What is Next Generation Sequencing?
Next Generation Sequencing uses a set of new high throughput technologies which allow millions of short DNA sequences from a biological sample to be “read” or sequenced in a rapid manner. The computational power is then used to assemble or align the “reads” to a reference genome, allowing biologists to make comparisons and interpret various biological phenomena very easily . Due to high depth of coverage , accurate sequencing data is obtained much faster and cheaper compared to traditional Sanger/Shotgun sequencing
What is Traditional Sanger/Shotgun sequencing?
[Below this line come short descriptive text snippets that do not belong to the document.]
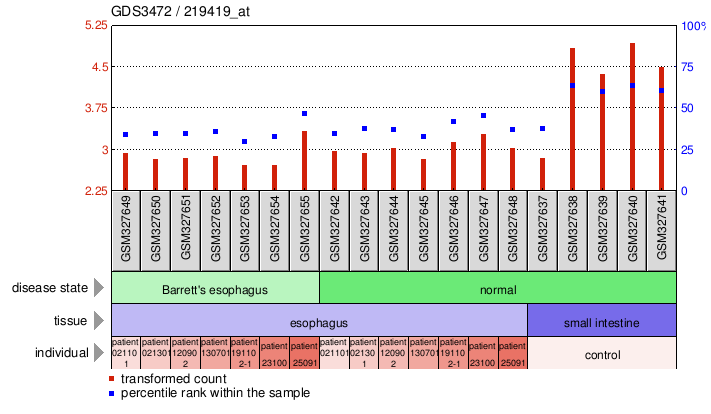 Gene Expression Profile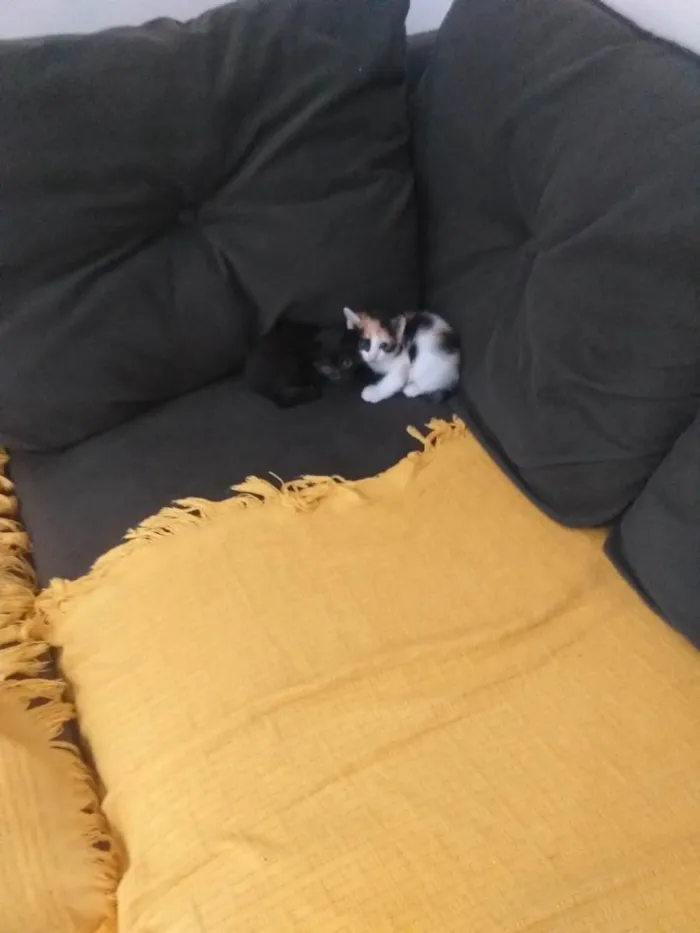 Gato ra a SRD-ViraLata idade 2 a 6 meses nome -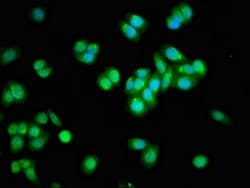 Invitrogen APOBEC3F Polyclonal Antibody 100 μg; Unconjugated:Antibodies,
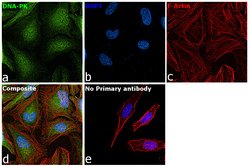 Invitrogen DNA-PK Polyclonal Antibody 100 &mu;L; Unconjugated:Antibodies,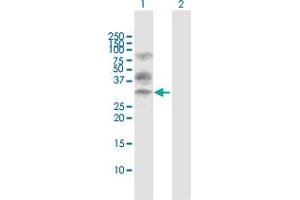 Western Blot analysis of XBP1 expression in transfected 293T cell line by XBP1 MaxPab polyclonal antibody. (XBP1 antibody  (AA 1-261))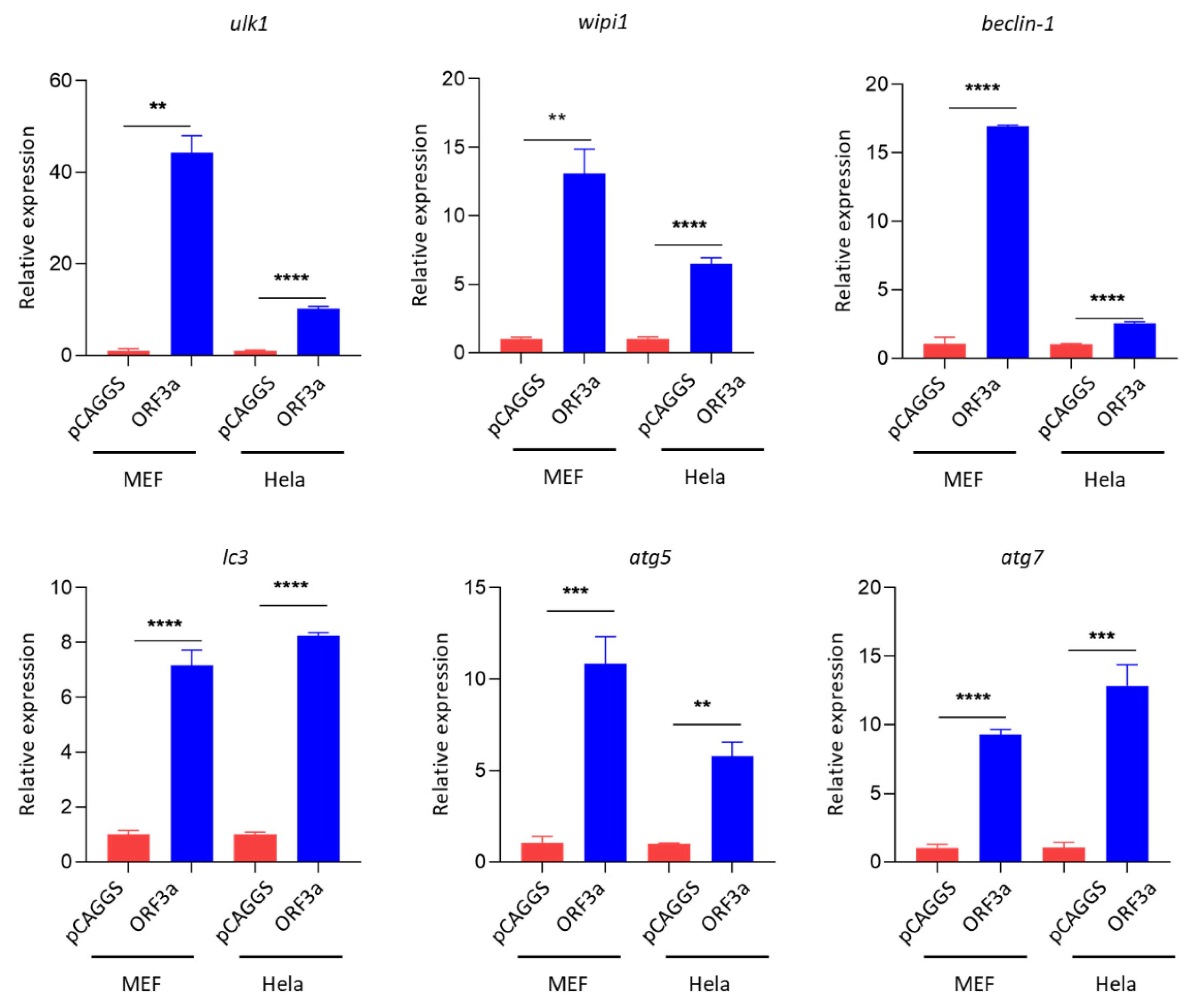 PDF) SARS-CoV-2 ORF3A interacts with the Clic-like chloride channel-1 (  CLCC1 ) and triggers an unfolded protein response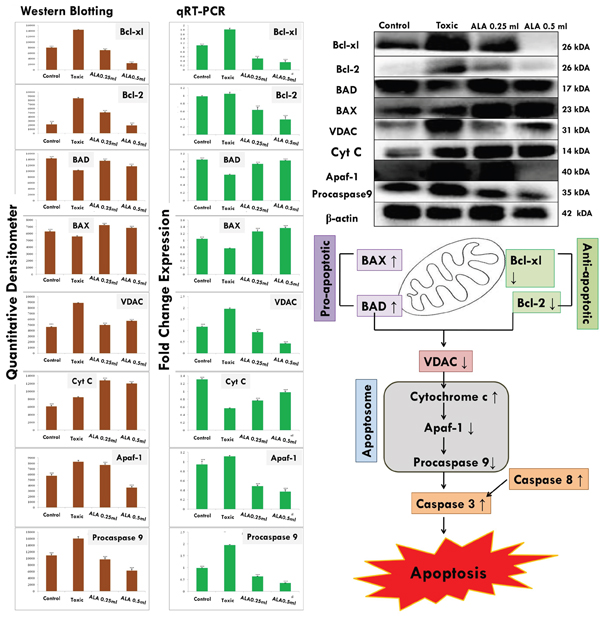 ALA mediated activation of mitochondrial associated protein signaling in mammary gland cells.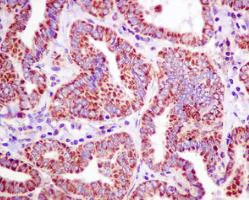 Immunohistochemistry (Formalin/PFA-fixed paraffin-embedded sections) - Anti-PDHA1 antibody [EPR11099] - BSA and Azide free (AB249188)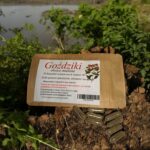 CLOVE 30 CAPS. PARASITES DIGESTIVE VIRUSES ANTIOXIDANTS INFLAMMATION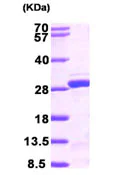 SDS-PAGE - Recombinant Human NUDT21/CFIM25 protein (His tag N-Terminus) (AB104669)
Sequencing started in small microbial species in in seventies using Sanger (dideoxy) sequencing method. A variation of this method that involves fragmenting DNA into millions of shorter pieces and sequencing them as “reads” of 50-1000 bases is called Shotgun sequencing . Sequence fragments need to be “assembled”and this is called denovo DNA assembly
Sanger sequencing, also known as chain-termination sequencing, refers to a method of DNA sequencing developed by Frederick Sanger in 1977. This method is based on amplification of the DNA fragment to be sequenced by DNA polymerase and incorporation of modified nucleotides specifically, dideoxynucleotides (ddNTPs).
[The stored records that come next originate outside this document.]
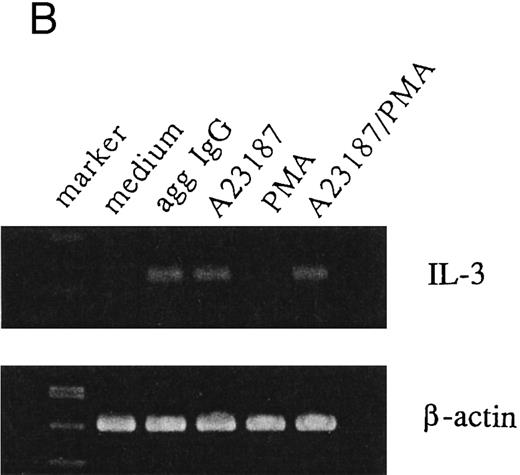 Fig. 1. IL-3 production by stimulated 185-4 cells. (A) The 185-4 cells were cultured with medium alone, aggregated IgG (50 μg/mL), calcium ionophore A23187 (250 ng/mL), PMA (100 ng/mL), or a combination of A23187 and PMA. After 3 hours, culture supernatants were dialyzed. IL-3 was measured in each sample by a bioassay using IL-3–dependent cells as described in Materials and Methods. Data represent the means ± standard deviation (SD) of five replicates. (B) RT-PCR analysis of IL-3 production by 185-4 cells. The 185-4 cells were cultured with each stimulator for 3 hours. Total RNA (5 μg) from the cells was reverse transcribed and PCR amplified as described. PCR products were resolved in 2% agarose gel and visualized by staining with ethidium bromide.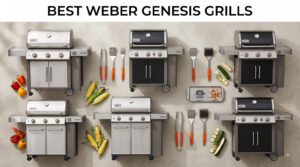 best weber genesis grills
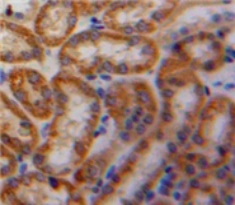 Platelet Derived Growth Factor AA (PDGFAA) Rat Polyclonal Antibody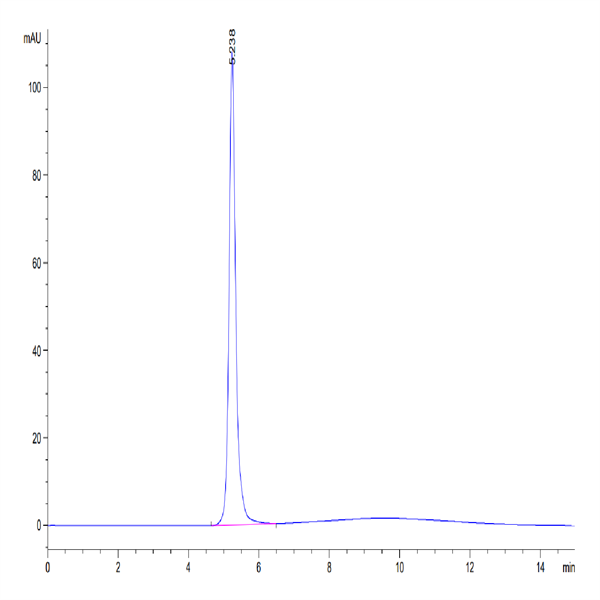 Cynomolgus FGL1 Protein (FGL-CM211)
The classical chain-termination method requires a single-stranded DNA template, a DNA primer, a DNA polymerase, normal deoxynucleotidetriphosphates (dNTPs), and modified nucleotides (dideoxyNTPs) that terminate DNA strand elongation . These chain-terminating nucleotides lack a 3′-OH group required for the formation of a phosphodiester bond between two nucleotides, causing DNA polymerase to cease extension of DNA when a ddNTP is incorporated. The ddNTPs may be radioactively or fluorescently labelled for detection in automated sequencing machines.The DNA sample is divided into four separate sequencing reactions, containing all four of the standard deoxynucleotides (dATP, dGTP, dCTP and dTTP) and the DNA polymerase. To each reaction is added only one of the four dideoxynucleotides (ddATP, ddGTP, ddCTP, or ddTTP). Following rounds of template DNA extension from the bound primer, the resulting DNA fragments are heat denatured and separated by size using gel electrophoresis. This is frequently performed using a denaturing polyacrylamide-urea gel with each of the four reactions run in one of four individual lanes (lanes A, T, G, C). The DNA bands may then be visualized by auto radiography or UV light and the DNA sequence can be directly read off the X-ray film or gel image.In dye-terminator sequencing, each of the four dideoxynucleotide chain terminators is labelled with fluorescent dyes, each of which emit light at different wavelengths .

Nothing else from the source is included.